Moreover, this wouldn’t be a difficult problem to address. I think it can be even simpler than Coyle suggests. In many cases, libraries have digitized multiple copies of a single edition. The obvious, simple thing to do is just:
Measure OCR quality — automatically, using a language model rather than ground truth — and associate a measurement of OCR quality with each bibliographic record.
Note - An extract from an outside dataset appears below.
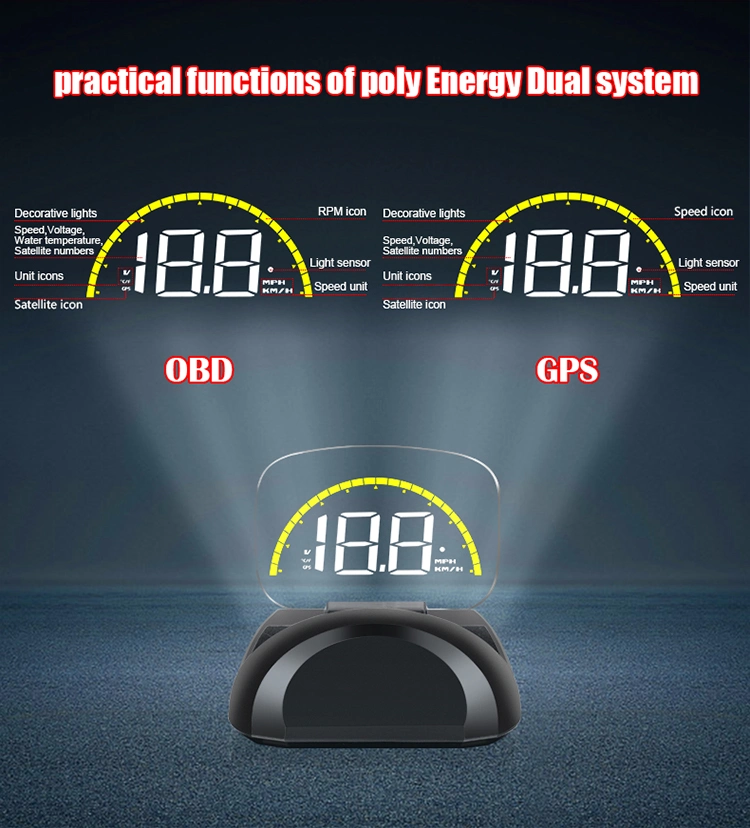 Car Projector Hud C700s Head up Display LED Display OBD2 Scan Tool Interior Accessories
This simple metric would save researchers a huge amount of labor, because a scholar could use an API to request “all the works you have between 1790 and 1820 that are above 90% probable accuracy” or “the best available copy of each edition in this period,” making it much easier to build a meaningfully normalized corpus. (This may be slightly different from Coyle’s idea about “urtexts,” because I’m talking about identifying the best copy of an edition rather than the best edition of a title.) And of course a metric destroys nothing: if you want to talk about print culture without filtering out poor OCR, all that metadata is still available. All this would do is empower researchers to make their own decisions.
One could go even further, and construct a “Frankenstein” edition by taking the best version of each page in a given edition. Or one could improve OCR with post-processing. But I think those choices can be left to individual research projects and repositories. The only part of this that really does need to be a collective enterprise is an initial measurement of OCR quality that gets associated with each bibliographic record and exposed to the API. That measurement would save research assistants thousands of hours of labor picking “the cleanest version of X.” I think it’s the most obvious thing we’re lacking.
[Postscript: Obviously, researchers can do this for themselves by downloading everything in period X, measuring OCR quality, and then selecting copies accordingly. In fact, I'm getting ready to build that workflow this summer. But this is going to take time and consume a lot of disk space, and it's really the kind of thing an API ought to be doing for us.]